#### [PROBLEM DESCRIPTION]
Reproduce all the data exactly, without pictures.

*** SOURCE MATERIAL ***

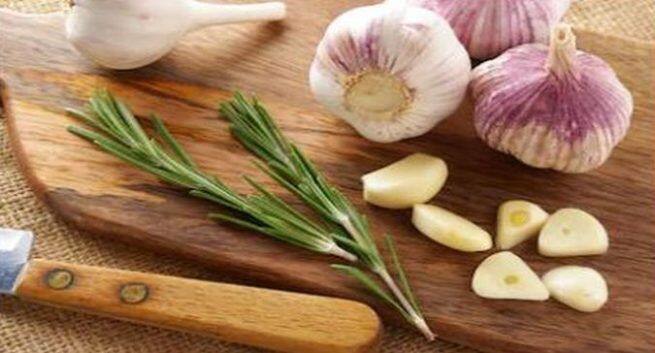 World Arthritis Day, home remedies for arthritis, Bone and joint health, tips to avoid arthritis, healthy food for bone and joint health. 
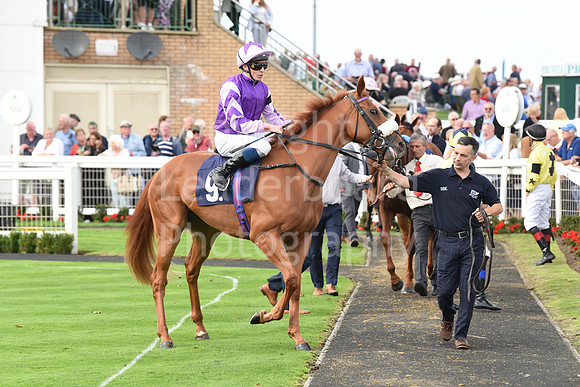 Gt_Yarm_Races_13_Sept8-153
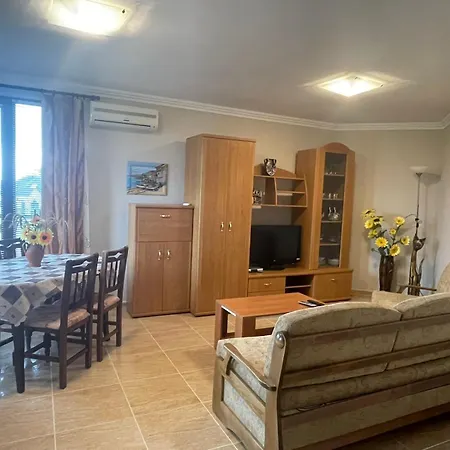 Quiet 1-bed Flat In Antonia Complex By Flat Mаnager * Свети-Влас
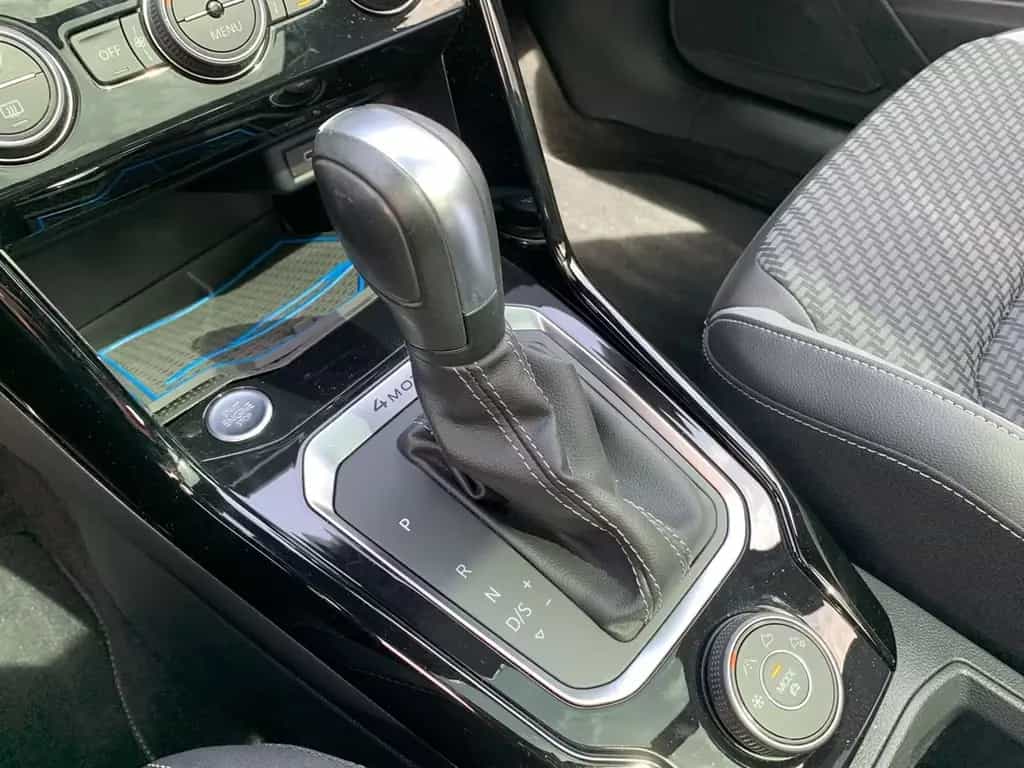 Volkswagen T-Roc R 4-MOTION AKRAPOVIC PANO+KAMERA+NAVI+DAB+ 09/2021-photo-18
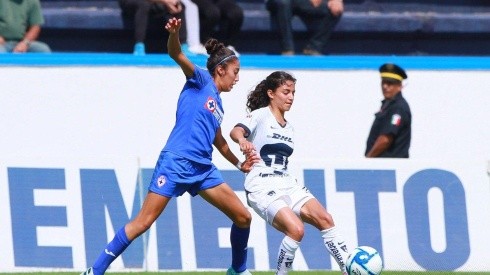 Pumas Femenil enfrentando a Cruz Azul.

*** End of SOURCE MATERIAL ***

#### [ANSWER SPACE]
 World Arthritis Day, home remedies for arthritis, Bone and joint health, tips to avoid arthritis, healthy food for bone and joint health. 
 Gt_Yarm_Races_13_Sept8-153
 Quiet 1-bed Flat In Antonia Complex By Flat Mаnager * Свети-Влас
 Volkswagen T-Roc R 4-MOTION AKRAPOVIC PANO+KAMERA+NAVI+DAB+ 09/2021-photo-18
 Pumas Femenil enfrentando a Cruz Azul.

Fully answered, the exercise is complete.